Ein internationales Team unter der Leitung von Forschern des Max-Planck-Instituts für Gravitationsphysik (Albert-Einstein-Institut; AEI), des Max-Planck-Instituts für Radioastronomie (MPIfR) und des National Radio Astronomy Observatory der National Science Foundation in den USA (NRAO) hat zehn schnell rotierende Neutronensterne im Kugelsternhaufen Terzan 5 entdeckt. Viele von ihnen befinden sich in ungewöhnlichen und seltenen Doppelsternsystemen, darunter möglicherweise ein rekordverdächtiger Doppelneutronenstern, ein Pulsar in einer extrem elliptischen Umlaufbahn und mehrere „Spinnensysteme“, in denen die Neutronensterne ihre Begleiter verdampfen. Diese Funde in den Daten des MeerKAT-Radioteleskops erhöhen die Anzahl der in diesem sehr dichten Sternhaufen bekannten Millisekunden-Pulsare um mehr als ein Viertel auf insgesamt 49. Das Forschungsteam hofft, weitere Pulsare in potenziell noch extremeren Doppelsternsystemen zu entdecken: Sie planen, zukünftig alle mit MeerKAT von Terzan 5 aufgezeichneten Daten zu durchsuchen, indem sie die enorme Rechenleistung des vom AEI geleiteten verteilten Rechenprojekts Einstein@Home nutzen.

„Wir wissen, dass Kugelsternhaufen wie Terzan 5 viele schnell rotierende Neutronensterne beherbergen, und wir wissen auch, dass frühere Beobachtungen dieses Haufens wahrscheinlich einige übersehen haben. Trotzdem haben wir uns sehr gefreut, zehn bisher unbekannte Millisekunden-Pulsare zu entdecken, darunter einige in ungewöhnlichen und extremen Doppelsternsystemen“, sagt Prajwal Voraganti Padmanabh, wissenschaftlicher Mitarbeiter am Max-Planck-Institut für Gravitationsphysik (Albert-Einstein-Institut; AEI) in Hannover. 

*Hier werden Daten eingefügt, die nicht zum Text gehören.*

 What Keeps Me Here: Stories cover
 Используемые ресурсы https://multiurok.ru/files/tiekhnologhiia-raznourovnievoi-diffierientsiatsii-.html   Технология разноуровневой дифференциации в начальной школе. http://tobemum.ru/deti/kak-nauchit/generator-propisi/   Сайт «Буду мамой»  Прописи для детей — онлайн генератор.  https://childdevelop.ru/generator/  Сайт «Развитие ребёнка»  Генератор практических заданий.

Neutronensterne an einem der am dichtesten bevölkerten Orte der Galaxie

Neutronensterne sind kompakte Überreste von Supernova-Explosionen. Sie bestehen aus exotischer, extrem dichter Materie, sind schwerer als unsere Sonne und haben einen Durchmesser von nur etwa 20 Kilometern. Aufgrund ihrer starken Magnetfelder und schnellen Rotation senden sie wie ein kosmischer Leuchtturm gebündelte Radiowellen aus. Wenn die Rotation diese Strahlenbündel regelmäßig auf die Erde richtet, wird der Neutronenstern als pulsierende Radioquelle – als Radiopulsar – sichtbar. Einige dieser Radiopulsare sammeln in Doppelsternsystemen von ihrem Begleiter Materie ein, die sie auf Rotationsperioden von wenigen Millisekunden beschleunigt. Sie heißen Millisekundenpulsare.

Der Kugelsternhaufen Terzan 5 ist einer der Orte mit der höchsten Sternendichte in unserer Milchstraße. In seinem Kernbereich, wo diese Dichte millionenfach höher ist als in der Umgebung unserer Sonne, treffen sich die Sterne und interagieren viel häufiger als anderswo. Dies macht ihn zu einer sehr effizienten „Fabrik“ für Pulsare in außergewöhnlichen Doppelsternen. Vor dieser Studie waren bereits 39 Pulsare in Terzan 5 bekannt, nun kamen zehn weitere hinzu.

MeerKAT spürt Pulsare auf

Die Astronominnen und Astronomen machten ihre Entdeckungen in Daten des MeerKAT-Radioteleskops. MeerKAT ist eine Anlage von 64 Antennen in der südafrikanischen Karoo mit einer beispiellosen Empfindlichkeit für Quellen am Südhimmel. Im Rahmen des „TRansients and Pulsars using MeerKAT (Trapum) Large Survey Project“ beobachtete das Team Terzan 5 zweimal für mehrere Stunden mit 56 MeerKAT-Antennen.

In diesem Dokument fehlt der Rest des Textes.